The great taste of food hot off the grill is a reward to be savored. Knowing when to pull it off the grill is important for a great eating experience and also to ensure safety. Determining "doneness" in terms of texture, appearance, and juiciness is often a matter of personal preference. However, in terms of safety, foods are "done" when they are cooked to an internal temperature high enough to eliminate harmful microorganisms. The best way to measure internal temperature is with a food thermometer.Qualitative Measures
- Steaks/chops/chicken breasts: With lots of practice, the "poke test" provides a quick gauge for doneness. The poke test compares the tension in the fleshy part of your hand at the base of your thumb with the tension you feel as you press your index finger into the center of the cut of meat.
- For rare: Bring your thumb and index finger together gently and press the base of your thumb to test tension.
- For medium: Bring your thumb and middle finger together gently and press the base of your thumb to test tension.
- For well-done: Bring your thumb and pinky finger together and press the base of your thumb to test tension.
- Whole chicken: Insert and skewer into the thickest part of the thigh. It's done if the juices run clear. Or wiggle the leg, which should be loose.
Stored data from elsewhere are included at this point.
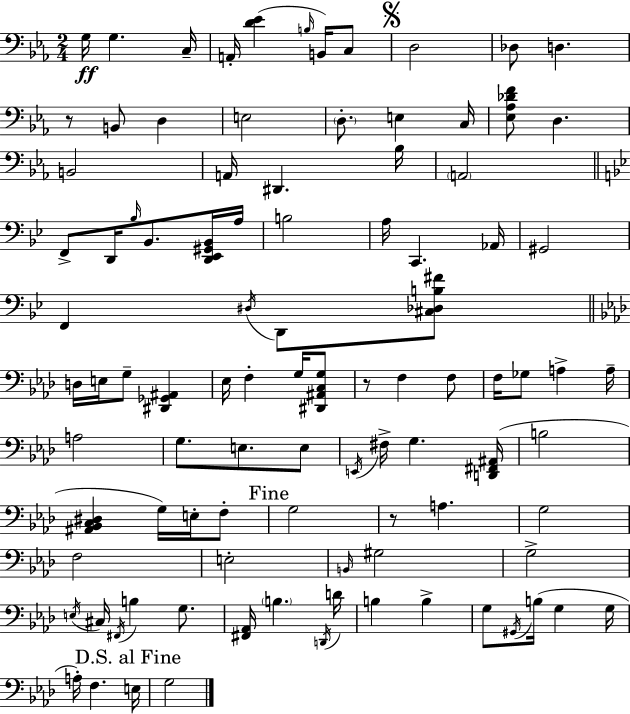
X:1
T:Untitled
M:2/4
L:1/4
K:Eb
G,/4 G, C,/4 A,,/4 [D_E] B,/4 B,,/4 C,/2 D,2 _D,/2 D, z/2 B,,/2 D, E,2 D,/2 E, C,/4 [_E,_A,_DF]/2 D, B,,2 A,,/4 ^D,, _B,/4 A,,2 F,,/2 D,,/4 _B,/4 _B,,/2 [D,,_E,,^G,,_B,,]/4 A,/4 B,2 A,/4 C,, _A,,/4 ^G,,2 F,, ^D,/4 D,,/2 [^C,_D,B,^F]/2 D,/4 E,/4 G,/2 [^D,,_G,,^A,,] _E,/4 F, G,/4 [^D,,^A,,C,G,]/2 z/2 F, F,/2 F,/4 _G,/2 A, A,/4 A,2 G,/2 E,/2 E,/2 E,,/4 ^F,/4 G, [D,,^F,,^A,,]/4 B,2 [^A,,_B,,C,^D,] G,/4 E,/4 F,/2 G,2 z/2 A, G,2 F,2 E,2 B,,/4 ^G,2 G,2 E,/4 ^C,/4 ^F,,/4 B, G,/2 [^F,,_A,,]/4 B, D,,/4 D/4 B, B, G,/2 ^G,,/4 B,/4 G, G,/4 A,/4 F, E,/4 G,2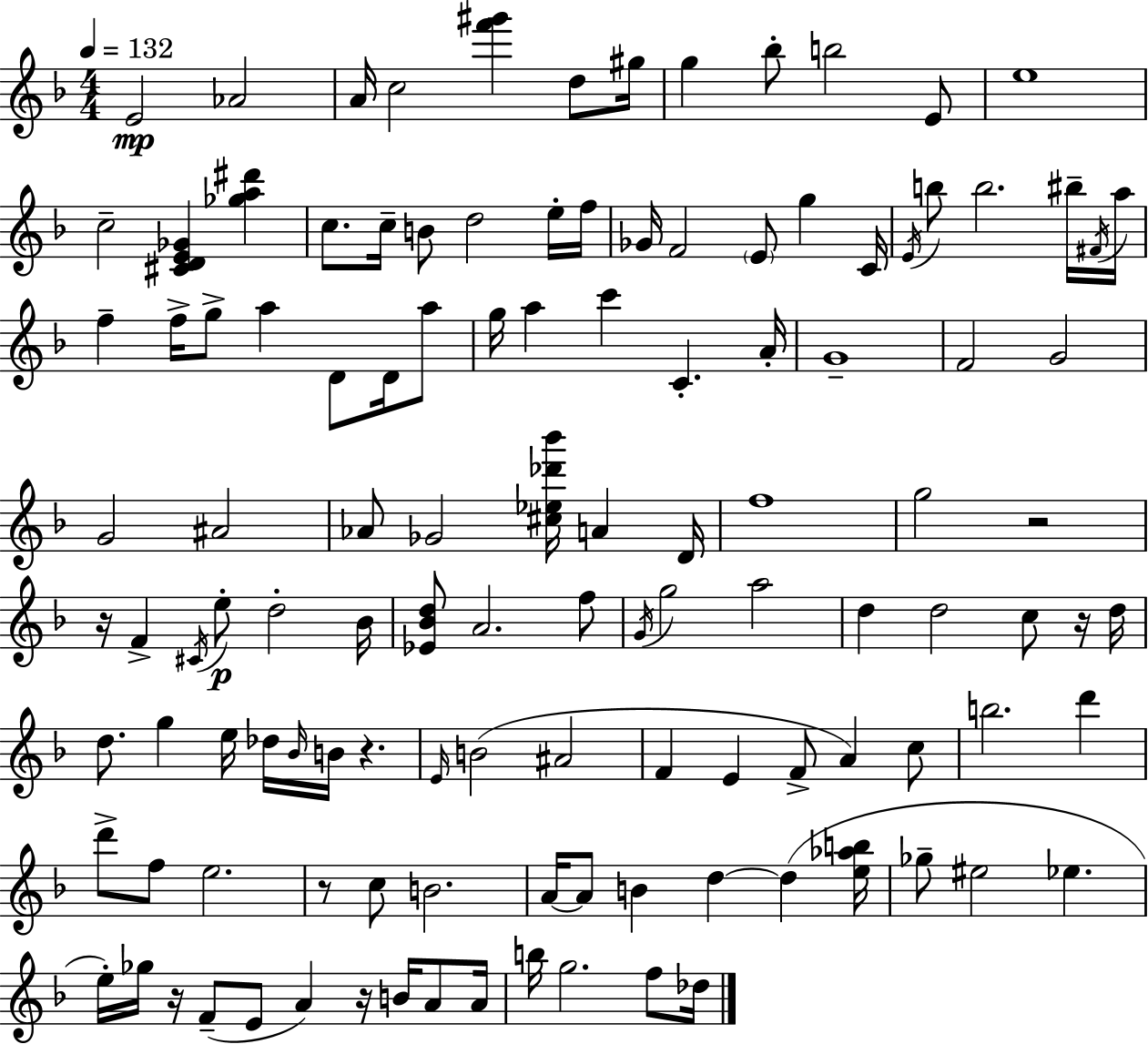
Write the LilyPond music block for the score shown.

{
  \clef treble
  \numericTimeSignature
  \time 4/4
  \key d \minor
  \tempo 4 = 132
  \repeat volta 2 { e'2\mp aes'2 | a'16 c''2 <f''' gis'''>4 d''8 gis''16 | g''4 bes''8-. b''2 e'8 | e''1 | \break c''2-- <cis' d' e' ges'>4 <ges'' a'' dis'''>4 | c''8. c''16-- b'8 d''2 e''16-. f''16 | ges'16 f'2 \parenthesize e'8 g''4 c'16 | \acciaccatura { e'16 } b''8 b''2. bis''16-- | \break \acciaccatura { fis'16 } a''16 f''4-- f''16-> g''8-> a''4 d'8 d'16 | a''8 g''16 a''4 c'''4 c'4.-. | a'16-. g'1-- | f'2 g'2 | \break g'2 ais'2 | aes'8 ges'2 <cis'' ees'' des''' bes'''>16 a'4 | d'16 f''1 | g''2 r2 | \break r16 f'4-> \acciaccatura { cis'16 } e''8-.\p d''2-. | bes'16 <ees' bes' d''>8 a'2. | f''8 \acciaccatura { g'16 } g''2 a''2 | d''4 d''2 | \break c''8 r16 d''16 d''8. g''4 e''16 des''16 \grace { bes'16 } b'16 r4. | \grace { e'16 } b'2( ais'2 | f'4 e'4 f'8-> | a'4) c''8 b''2. | \break d'''4 d'''8-> f''8 e''2. | r8 c''8 b'2. | a'16~~ a'8 b'4 d''4~~ | d''4( <e'' aes'' b''>16 ges''8-- eis''2 | \break ees''4. e''16-.) ges''16 r16 f'8--( e'8 a'4) | r16 b'16 a'8 a'16 b''16 g''2. | f''8 des''16 } \bar "|."
}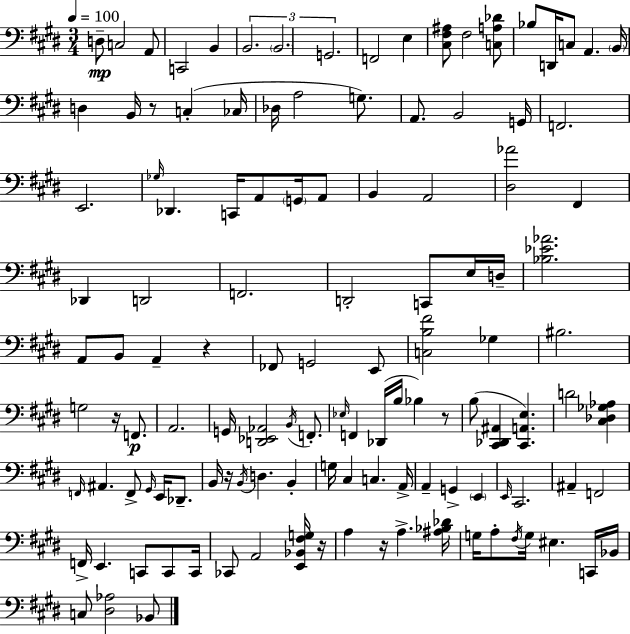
{
  \clef bass
  \numericTimeSignature
  \time 3/4
  \key e \major
  \tempo 4 = 100
  d8--\mp c2 a,8 | c,2 b,4 | \tuplet 3/2 { b,2. | \parenthesize b,2. | \break g,2. } | f,2 e4 | <cis fis ais>8 fis2 <c a des'>8 | bes8 d,16 c8 a,4. \parenthesize b,16 | \break d4 b,16 r8 c4-.( ces16 | des16 a2 g8.) | a,8. b,2 g,16 | f,2. | \break e,2. | \grace { ges16 } des,4. c,16 a,8 \parenthesize g,16 a,8 | b,4 a,2 | <dis aes'>2 fis,4 | \break des,4 d,2 | f,2. | d,2-. c,8 e16 | d16-- <bes ees' aes'>2. | \break a,8 b,8 a,4-- r4 | fes,8 g,2 e,8 | <c b fis'>2 ges4 | bis2. | \break g2 r16 f,8.\p | a,2. | g,16 <d, ees, aes,>2 \acciaccatura { b,16 } f,8.-. | \grace { ees16 } f,4 des,16( b16 bes4) | \break r8 b8( <cis, des, ais,>4 <cis, a, e>4.) | d'2 <cis des ges aes>4 | \grace { f,16 } ais,4. f,8-> | \grace { gis,16 } e,16 des,8.-- b,16 r16 \acciaccatura { b,16 } d4. | \break b,4-. g16 cis4 c4. | a,16-> a,4-- g,4-> | \parenthesize e,4 \grace { e,16 } cis,2. | ais,4-- f,2 | \break f,16-> e,4. | c,8 c,8 c,16 ces,8 a,2 | <e, bes, fis g>16 r16 a4 r16 | a4.-> <ais bes des'>16 g16 a8-. \acciaccatura { fis16 } g16 | \break eis4. c,16 bes,16 c8 <dis aes>2 | bes,8 \bar "|."
}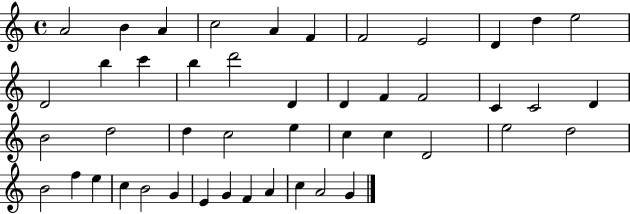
{
  \clef treble
  \time 4/4
  \defaultTimeSignature
  \key c \major
  a'2 b'4 a'4 | c''2 a'4 f'4 | f'2 e'2 | d'4 d''4 e''2 | \break d'2 b''4 c'''4 | b''4 d'''2 d'4 | d'4 f'4 f'2 | c'4 c'2 d'4 | \break b'2 d''2 | d''4 c''2 e''4 | c''4 c''4 d'2 | e''2 d''2 | \break b'2 f''4 e''4 | c''4 b'2 g'4 | e'4 g'4 f'4 a'4 | c''4 a'2 g'4 | \break \bar "|."
}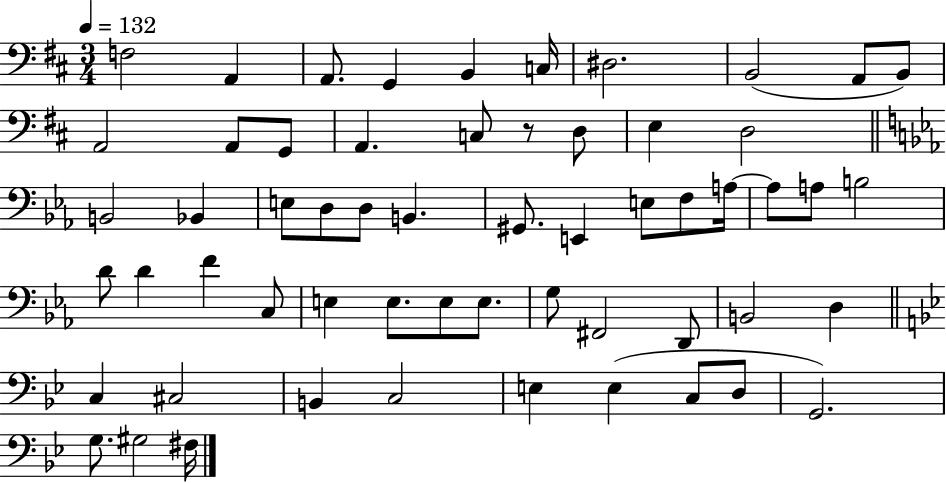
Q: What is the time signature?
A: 3/4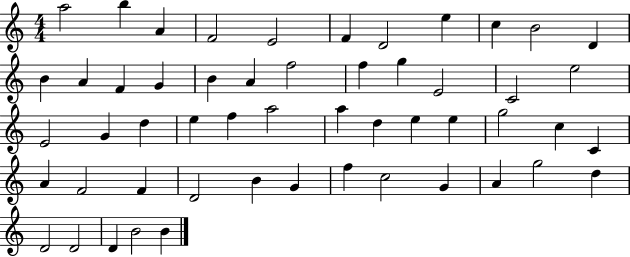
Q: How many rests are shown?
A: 0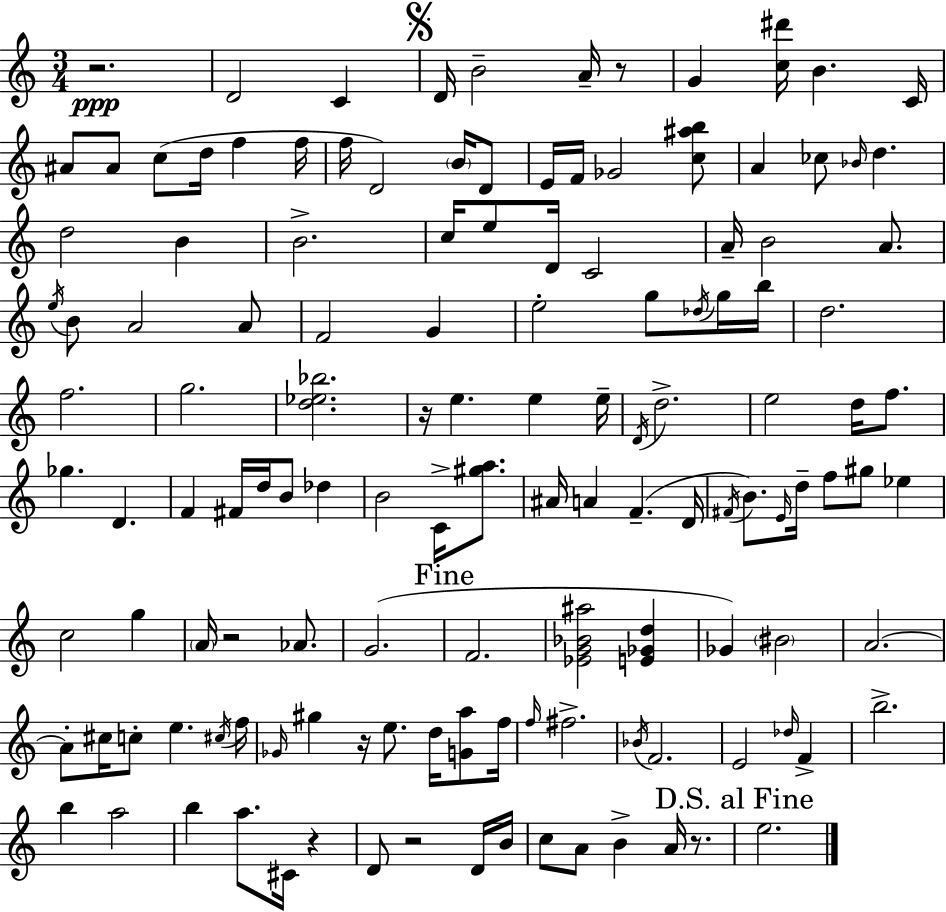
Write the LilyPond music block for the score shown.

{
  \clef treble
  \numericTimeSignature
  \time 3/4
  \key a \minor
  r2.\ppp | d'2 c'4 | \mark \markup { \musicglyph "scripts.segno" } d'16 b'2-- a'16-- r8 | g'4 <c'' dis'''>16 b'4. c'16 | \break ais'8 ais'8 c''8( d''16 f''4 f''16 | f''16 d'2) \parenthesize b'16 d'8 | e'16 f'16 ges'2 <c'' ais'' b''>8 | a'4 ces''8 \grace { bes'16 } d''4. | \break d''2 b'4 | b'2.-> | c''16 e''8 d'16 c'2 | a'16-- b'2 a'8. | \break \acciaccatura { e''16 } b'8 a'2 | a'8 f'2 g'4 | e''2-. g''8 | \acciaccatura { des''16 } g''16 b''16 d''2. | \break f''2. | g''2. | <d'' ees'' bes''>2. | r16 e''4. e''4 | \break e''16-- \acciaccatura { d'16 } d''2.-> | e''2 | d''16 f''8. ges''4. d'4. | f'4 fis'16 d''16 b'8 | \break des''4 b'2 | c'16-> <gis'' a''>8. ais'16 a'4 f'4.--( | d'16 \acciaccatura { fis'16 }) b'8. \grace { e'16 } d''16-- f''8 | gis''8 ees''4 c''2 | \break g''4 \parenthesize a'16 r2 | aes'8. g'2.( | \mark "Fine" f'2. | <ees' g' bes' ais''>2 | \break <e' ges' d''>4 ges'4) \parenthesize bis'2 | a'2.~~ | a'8-. cis''16 c''8-. e''4. | \acciaccatura { cis''16 } f''16 \grace { ges'16 } gis''4 | \break r16 e''8. d''16 <g' a''>8 f''16 \grace { f''16 } fis''2.-> | \acciaccatura { bes'16 } f'2. | e'2 | \grace { des''16 } f'4-> b''2.-> | \break b''4 | a''2 b''4 | a''8. cis'16 r4 d'8 | r2 d'16 b'16 c''8 | \break a'8 b'4-> a'16 r8. \mark "D.S. al Fine" e''2. | \bar "|."
}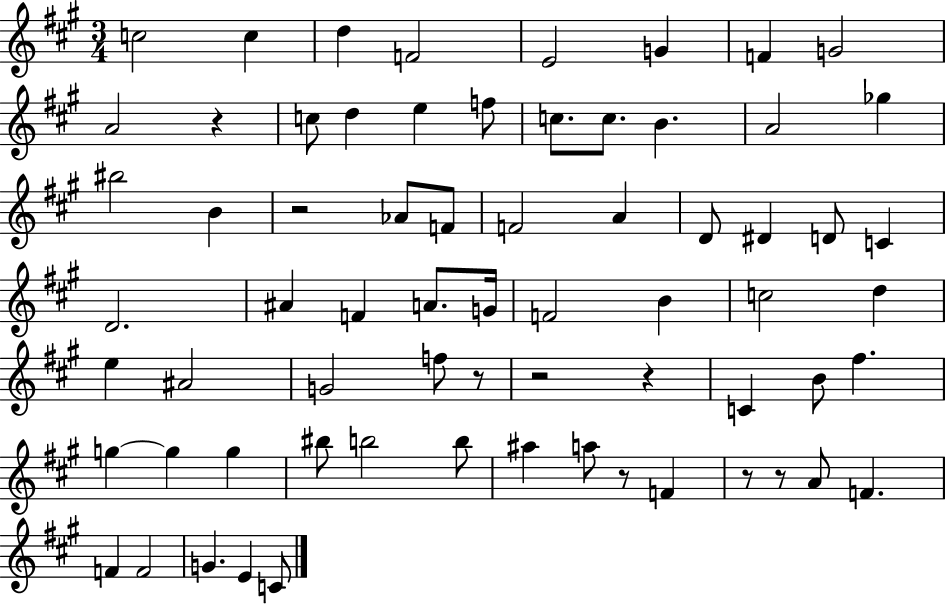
C5/h C5/q D5/q F4/h E4/h G4/q F4/q G4/h A4/h R/q C5/e D5/q E5/q F5/e C5/e. C5/e. B4/q. A4/h Gb5/q BIS5/h B4/q R/h Ab4/e F4/e F4/h A4/q D4/e D#4/q D4/e C4/q D4/h. A#4/q F4/q A4/e. G4/s F4/h B4/q C5/h D5/q E5/q A#4/h G4/h F5/e R/e R/h R/q C4/q B4/e F#5/q. G5/q G5/q G5/q BIS5/e B5/h B5/e A#5/q A5/e R/e F4/q R/e R/e A4/e F4/q. F4/q F4/h G4/q. E4/q C4/e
- Fish: Flesh is done when it turns opaque; breaks into large, firm flakes; and pulls away easily from any bones.
The most accurate and safe way to determine doneness is to use a thermometer. To achieve an accurate reading, use the following guide to determine where to insert the thermometer.
- Beef, lamb, pork roast: Insert into the thickest part of the roast, avoiding the bone and fat. Remove the roasts from the grill 5 to 10 degrees F below final doneness. Tent with aluminum foil. Let stand for 15 minutes. The temperature will continue to rise to reach final doneness. During standing, the meat juices redistribute and the roast becomes easier to slice.
- Burgers, steaks, chops: Insert horizontally into the center, away from bone and fat.
- Whole poultry: Gauge the temperature at part of the thigh, avoiding the bone.
- Poultry parts: Insert thermometer in the thickest area, avoiding the bone.